Comment percevez-vous aujourd’hui les principaux facteurs de stress ou de fragilisation psychologique chez les collaborateurs d’une entreprise ?
Aujourd’hui, trois principaux facteurs fragilisent la santé psychique des collaborateurs. La première concerne la surcharge cognitive, alimentée par une hyperconnexion permanente qui épuise les ressources attentionnelles des collaborateurs au quotidien.
La deuxième relève de l’incertitude organisationnelle, marquée par des changements rapides souvent mal accompagnés, qui entretiennent un climat d’instabilité. Cette fragilité est d’autant plus accentuée par le contexte social français actuel, qui renforce le sentiment d’incertitude.
Enfin, on observe depuis plusieurs années une perte progressive du sens au travail. L’hyperdigitalisation accentue ce phénomène en transformant parfois l’expérience professionnelle en une succession de tâches dématérialisées, ce qui finit par user la motivation et fragiliser la santé psychique des collaborateurs.
À ces facteurs s’ajoute un brouillage croissant des frontières entre vie professionnelle et vie personnelle, qui prive nombre de collaborateurs de la possibilité de réellement se déconnecter et de récupérer.
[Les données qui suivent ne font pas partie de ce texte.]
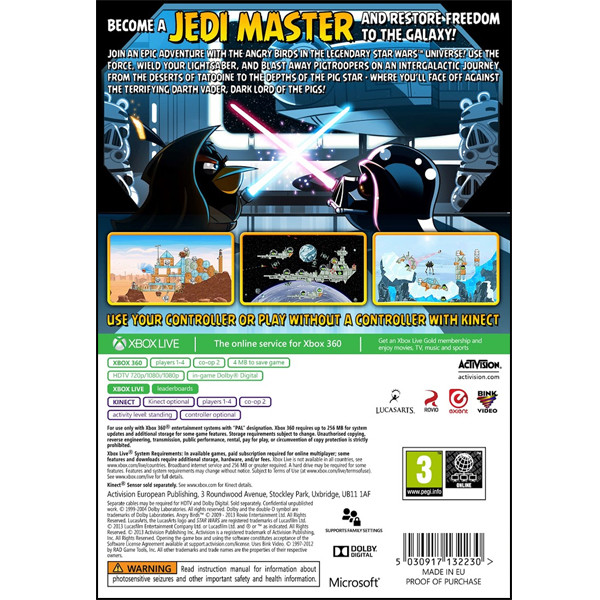 بازی Angry Birds Star Wars مخصوص Xbox 360
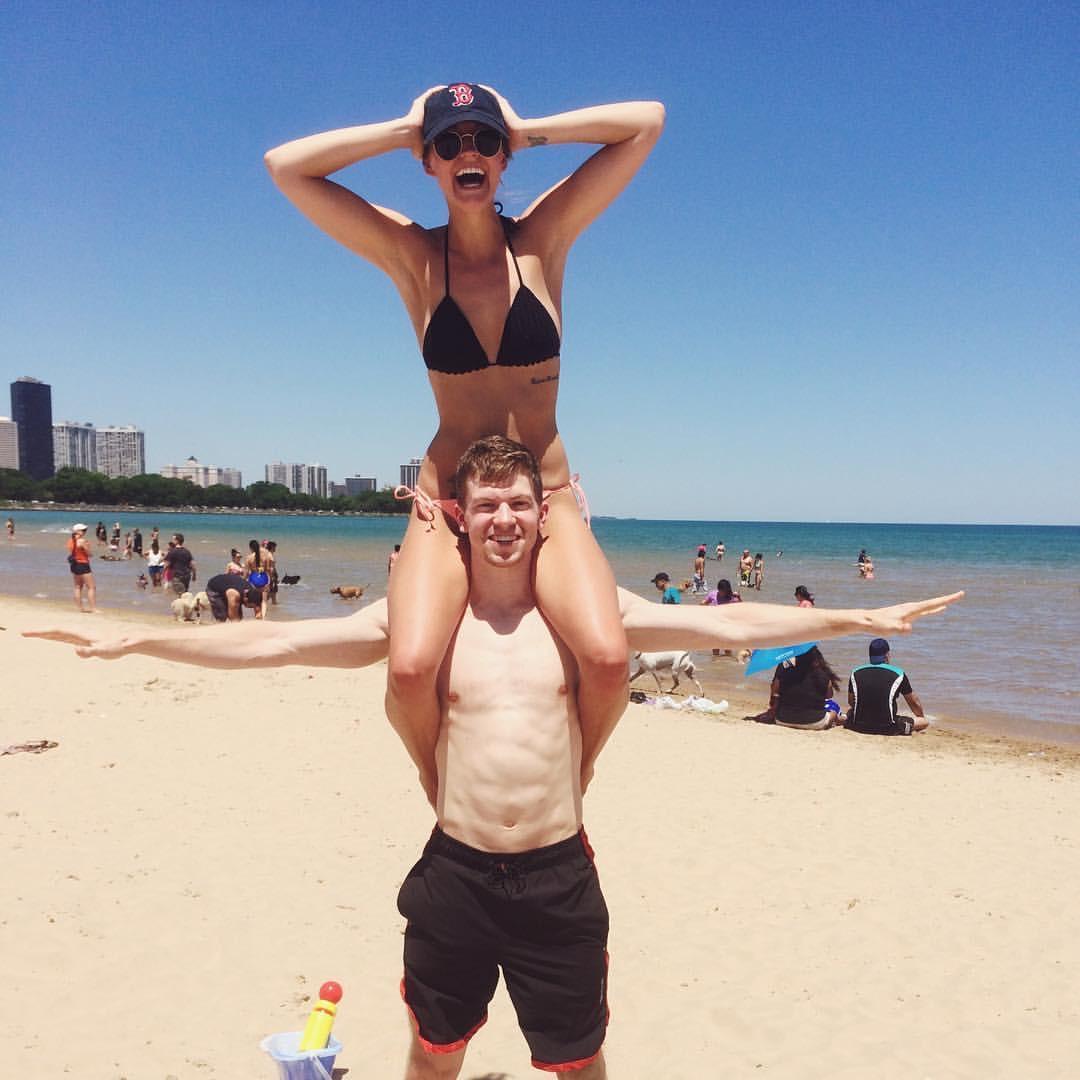We took a road trip through Chicago in the summer of 2016. Our first beach day at Lake Michigan!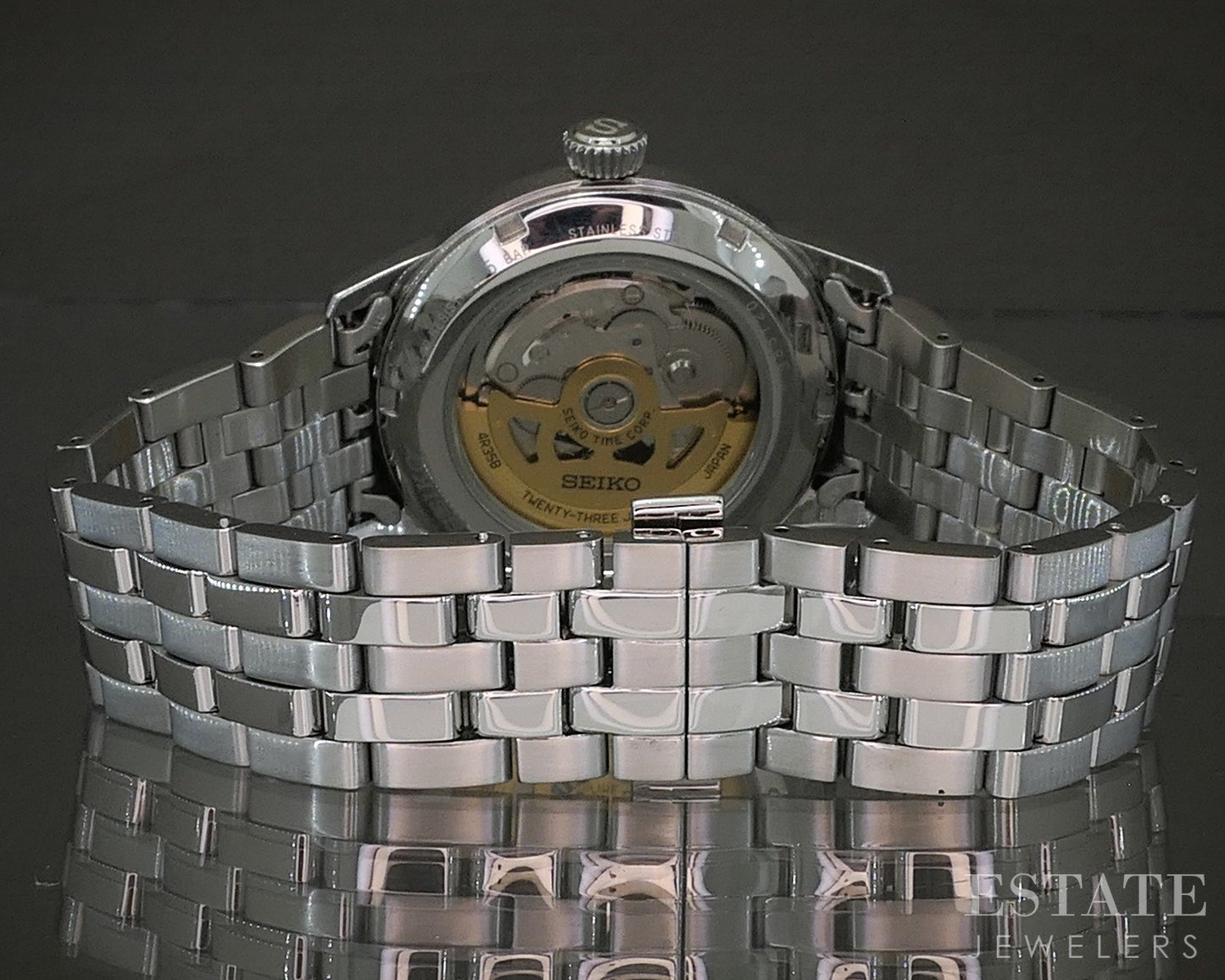 Seiko Presage Blue Automatic Cocktail Time 4R35-01T0 Mens Watch p18728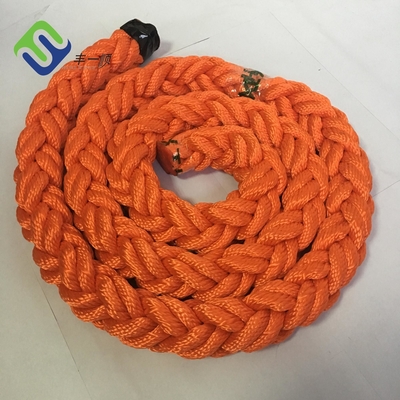 8 веревочка заплетенная стренгами полиэстера морская подгонянное 28mm-160mm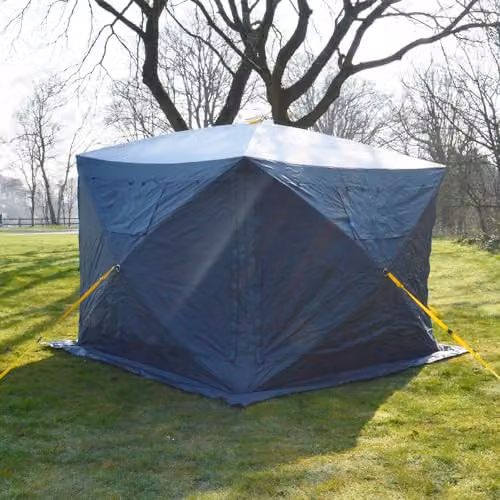 Maypole 4 Sided Pop-Up Screenhouse in Grey Polyester – 3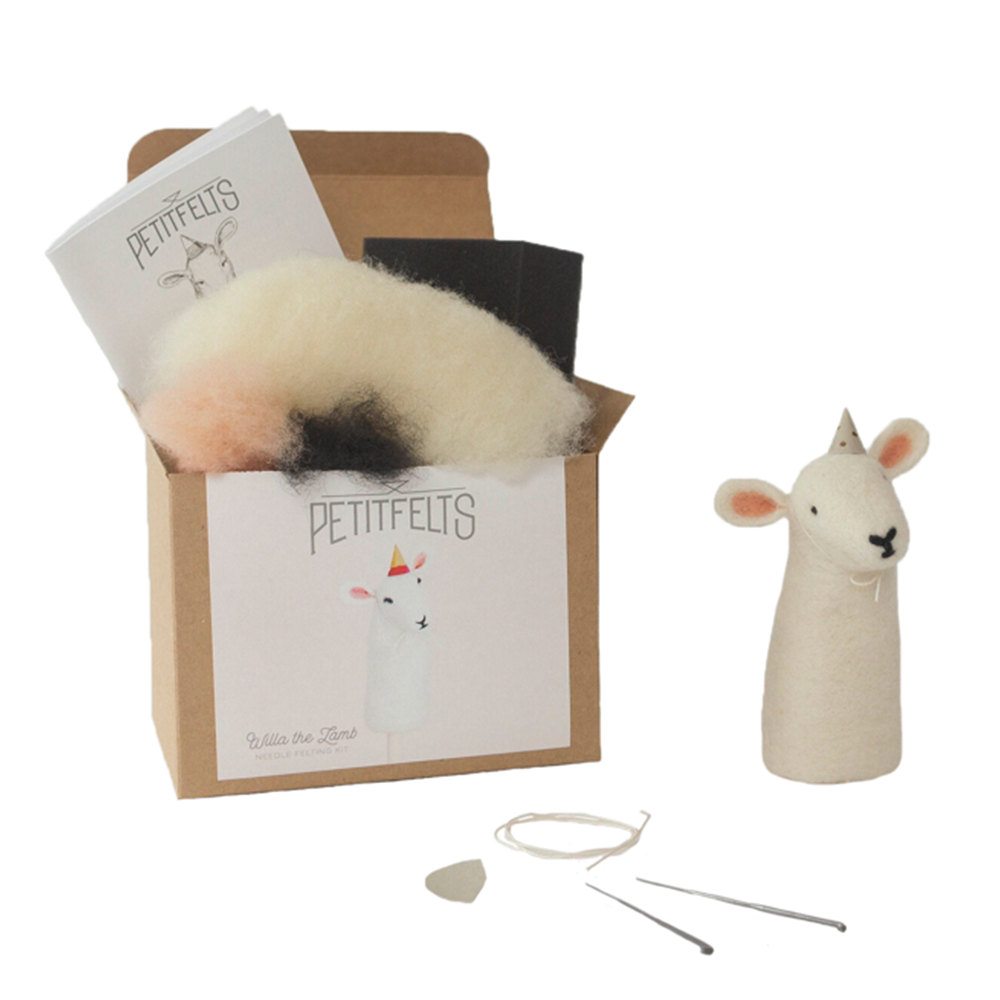 Petit Felts Needle Felting Kit · Lamb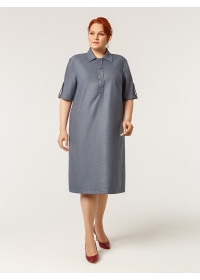Платье женское КМ 2-005 R синий твид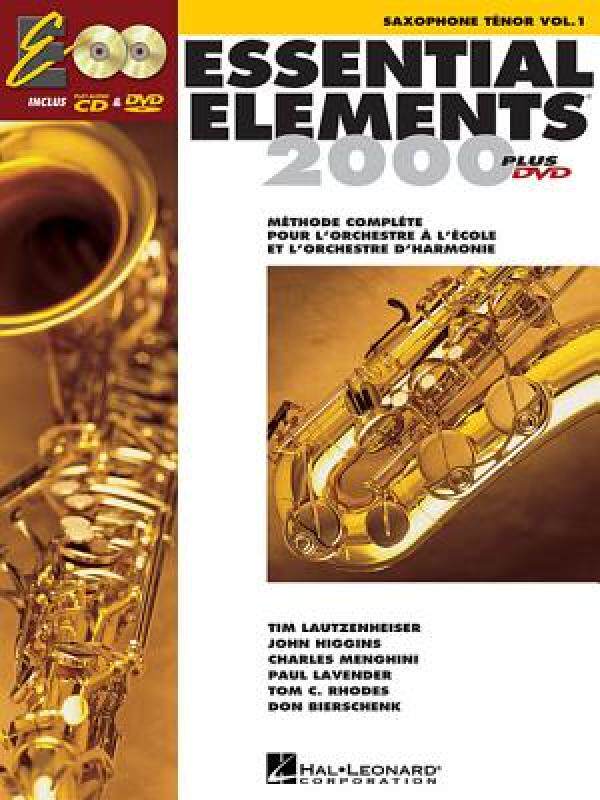 【预售】Essential Elements Ee2000 Tenor Saxophone: French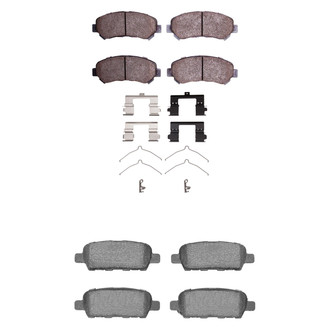 R1 Concepts® - Optimum OEp Front and Rear Brake Pad Set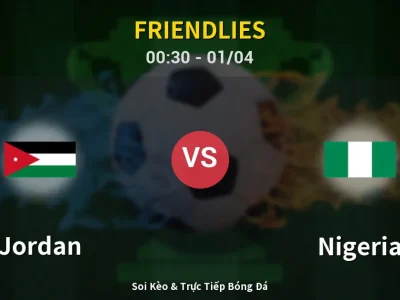 Kết Quả: Jordan 2-2 Nigeria – Highlight & Bàn Thắng | Friendlies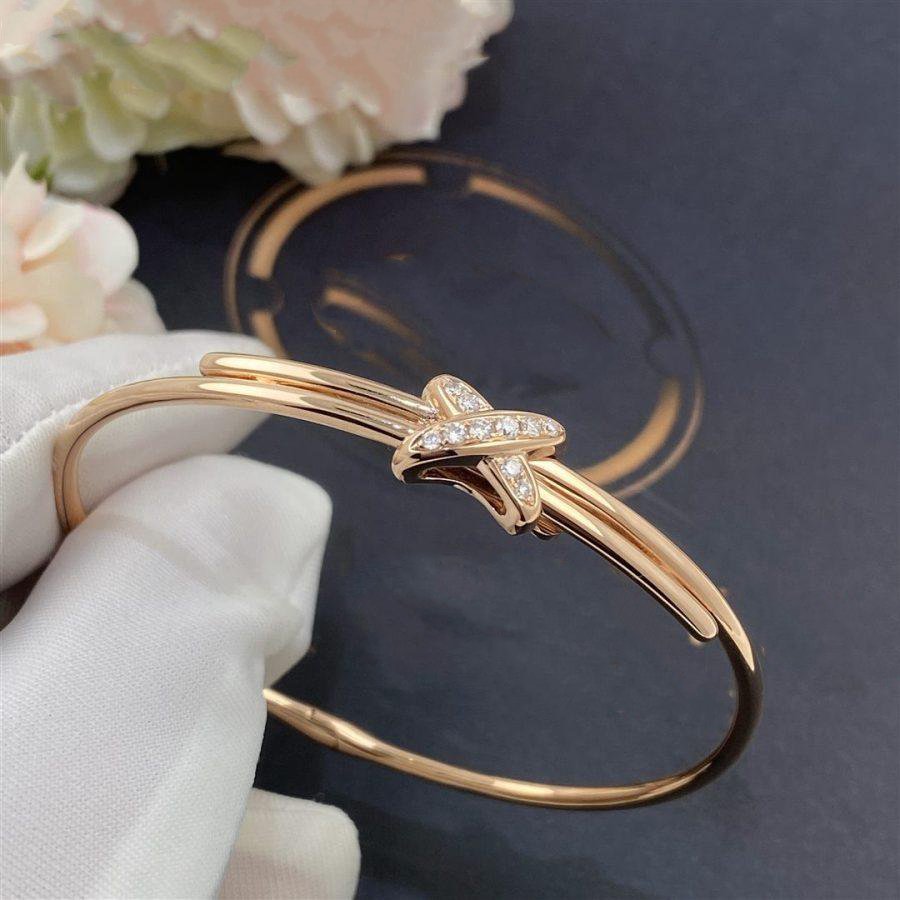 Jewelicorn Armbänder in Rosa und Gold mit Diamanten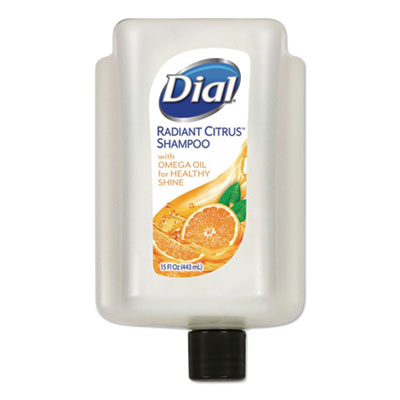 Dial® Professional Radiant Citrus Shampoo Refill for Versa Dispenser, 15 oz, 6/Carton Shampoo/Conditioner - Office Ready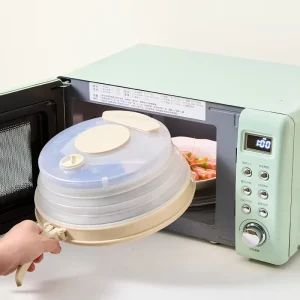 Specialty Tools Collapsible Foldable Heat resistant Eco Friendly Breathable Microwave Oven Cover Tray for Home Kitchen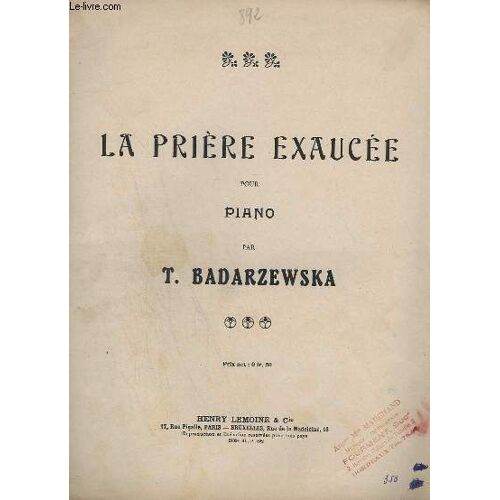 La Priere Exaucee - Pour Piano.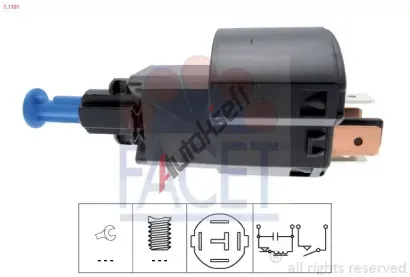 EPS (facet) Sp�na� brzdov�ho sv�tla EPS 7.1181, 7.1181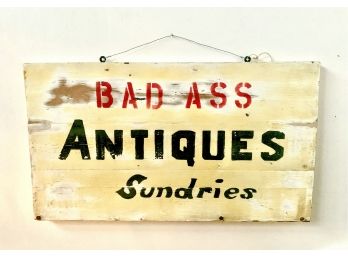 Antique Store Sign Wood - 2 Sided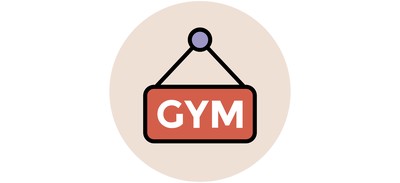 Image for Gym Signboard Sign Cricut SVG Design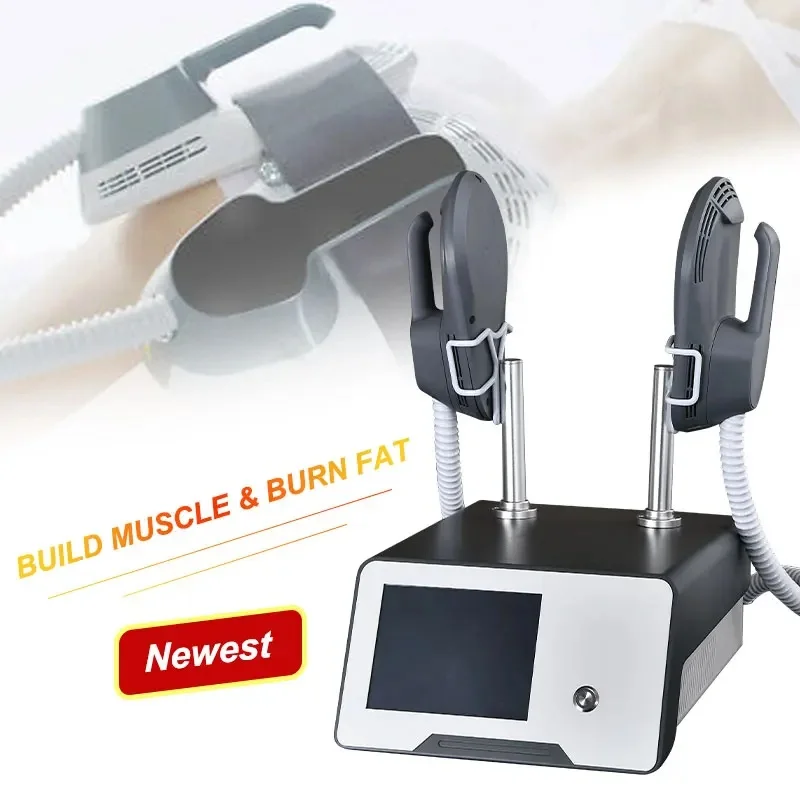 Powerful Tesla 2 Handles Body Ems Body Sculpting Machine For Muscle Building
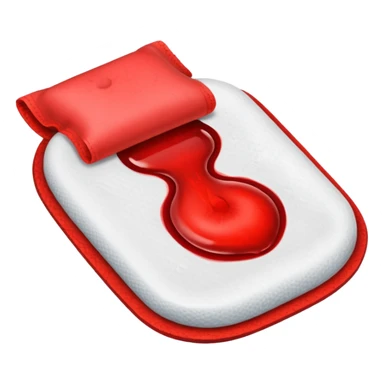 l with blood on it period pad sticker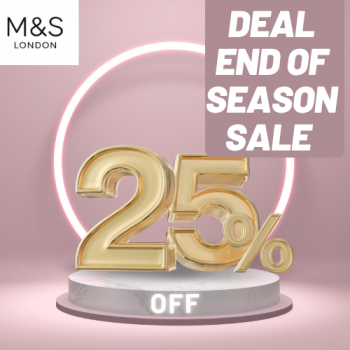 Marks & Spencer-DEAL End of season sale – flat 25% off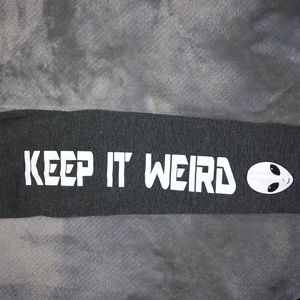 Zumiez Gray Alien Leggings 👽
Quelles initiatives ou dispositifs les entreprises peuvent-elles mettre en place pour favoriser le bien-être et la santé mentale ?
Les dispositifs pertinents reposent sur une articulation claire entre prévention primaire, secondaire et tertiaire. La prévention commence par des actions de terrain comme organiser la charge de travail, clarifier les priorités et former les managers à repérer les signaux de fragilité. Ces mesures doivent ensuite s’inscrire dans un plan structuré intégrant des espaces d’écoute, un accompagnement psychologique et un management outillé. Cette continuité permet de bâtir une démarche de prévention cohérente, durable et vectrice de sens.
Comment mesurez-vous l’impact de la santé mentale sur la performance, la motivation et la fidélisation des salariés ?
La santé mentale pèse directement sur le quotidien des collaborateurs. Dans les faits, 47 % des salariés déclarent travailler moins efficacement en raison de leur état psychologique, et 21 % voient leur motivation baisser quand le stress s’installe.
Plus préoccupant encore, 34 % envisagent de quitter leur entreprise pour préserver leur santé mentale. Autrement dit, la santé mentale reste mesurable malgré son caractère moins bruyant et les chiffres soulignent un besoin urgent de prise en charge pour les entreprises françaises.
Selon vous, quelles actions prioritaires devraient être renforcées ou créées pour améliorer durablement la qualité de vie et prévenir l’épuisement professionnel ?
Les actions à mettre en place doivent s’inscrire dans une démarche structurée et porteuse de sens pour l’ensemble des collaborateurs. La première étape consiste à mesurer le climat social et le capital humain grâce à des baromètres réguliers. Cette étape fournit une base pour analyser les indicateurs quantitatifs et qualitatifs et ainsi élaborer un plan d’actions concerté avec les différentes parties prenantes de l’entreprise (direction, collaborateurs, CSE). Ce plan doit articuler l’ensemble des niveaux de prévention afin d’assurer une réponse cohérente.
Enfin, l’intégration d’une boucle d’amélioration continue, articulée autour de bilans périodiques, permet non seulement d’évaluer l’impact des actions engagées mais aussi d’anticiper les évolutions du climat social et de redéfinir les priorités de prévention de manière stratégique.